700 British Artists to Boycott ’Israel’

Local Editor
700 British artists have signed a pledge to boycott "Israel" as long as it "continues to deny basic Palestinian rights," the latest major success for the global Boycott, Divestment, and Sanctions Movement [BDS].
"In response to the call from Palestinian artists and cultural workers for a cultural boycott of "Israel", we pledge to accept neither professional invitations to "Israel", nor funding, from any institutions linked to its government until it complies with international law and universal principles of human rights," the call reads, according to the group Artists for Palestine UK, which organized the pledge.
"We support the Palestinian struggle for freedom, justice and equality."
The signatories include artists from many fields, including writers, film directors, comedians, musicians, actors, theater directors, architects, and visual artists.
The pledge's supporters included many British citizens, including prominent actress Miriam Margolyes.
"My support for the Palestinian cause is fiercer because I am Jewish and I honor the strengths of that religion and the suffering my people have experienced through the years. My visits to Palestine showed me at firsthand how the people there are treated by "Israeli" forces. Their lack of humanity disgusts me -I want no part of it," she said in a statement.
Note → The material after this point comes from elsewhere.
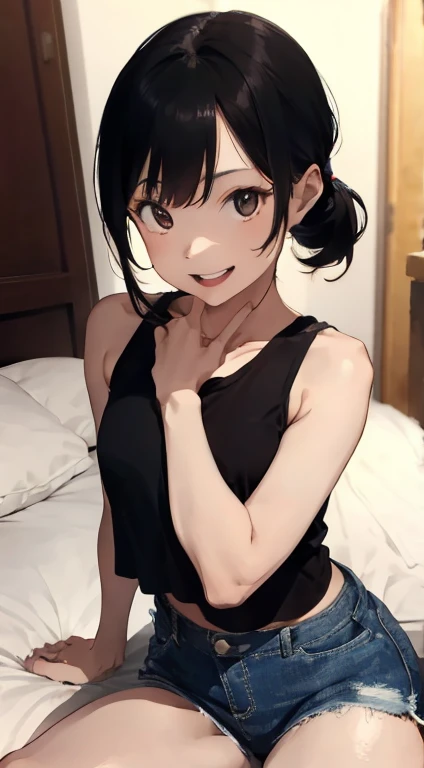jadechan, short black hair, brown eyes, naked, wet body, flat chest girl, small breasts, nude body, spread legs, pussy, looking at viewer, shy, masterpiece, hands on body, full length, sneakers, on a black armchair, living room, smiling, small ass, sexy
"I realize we were fed a lie about the foundation of "the State of "Israel"", a lie forged certainly out of desperate need to help the dispossessed millions devastated by the horror of the Nazi regime. But to force people from their homes, from their ancestral lands - that is no answer."
Former head of the English PEN writers' union, Gillian Slovo, compared his support to the boycott of "Israel" to the boycott of South Africa in a statement.
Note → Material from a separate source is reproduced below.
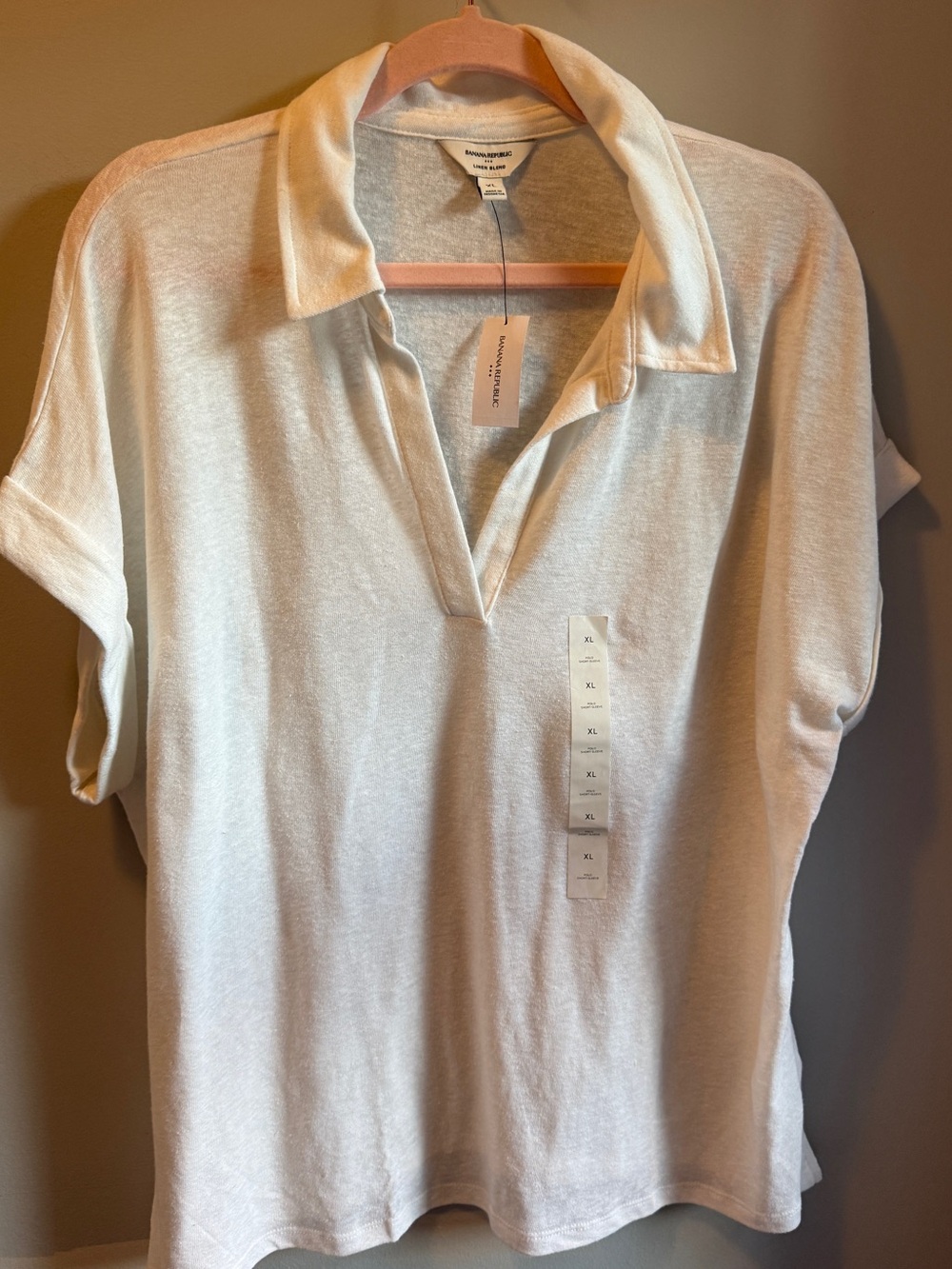 Banana Republic Linen Blend White V-Neck Knit Tunic Top NWT Size XL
"As a South African I witnessed the way the cultural boycott of South Africa helped apply pressure on the apartheid government and its supporters. This Artists' Pledge for Palestine has drawn lessons from that boycott to produce an even more nuanced, non-violent way for us to call for change and for justice for all."
One hundred of the artists who signed the pledge also published a letter in the Guardian newspaper on Friday explaining their decision.
""Israel's" wars are fought on the cultural front too. Its army targets Palestinian cultural institutions for attack, and prevents the free movement of cultural workers. Its own theater companies perform to settler audiences on the West Bank -- and those same companies tour the globe as cultural diplomats, in support of "Brand Israel,"' the letter noted.
"We invite all those working in the arts in Britain to join us."
The boycott movement has grown increasingly strong in recent years around the world and particularly in Western Europe and North America, once bastions of support for the Zionist entity.
The Palestinian call for Academic and Cultural Boycott, which was launched in 2004 as part of the global BDS campaign, aims to pressure "Israel" to end its long-standing occupation of the Palestinian territories and history of human rights abuses against Palestinians.
Supporters argue that thus far outside political pressure and domestic left wing organizing has failed to effect change in "Israeli" policies, but believe a grassroots civil society movement to pressure the country's authorities could affect meaningful change.
The New York-based Anti-Defamation League said in a report in October that Pro-Palestinian activism has risen significantly on US campuses since "Israel's" aggression on the Gaza Strip in the summer.
During the previous academic year, student groups at US colleges hosted at least 374 anti-"Israel" events, the report said.
It said nearly 40 percent of those events were held in support of an international campaign to seek boycott against "Israel".
Also in October, The Washington Post reported that more than 500 anthropologists have publicly joined an academic boycott of "Israel "initiated by the American Studies Association, with another 77 joining anonymously.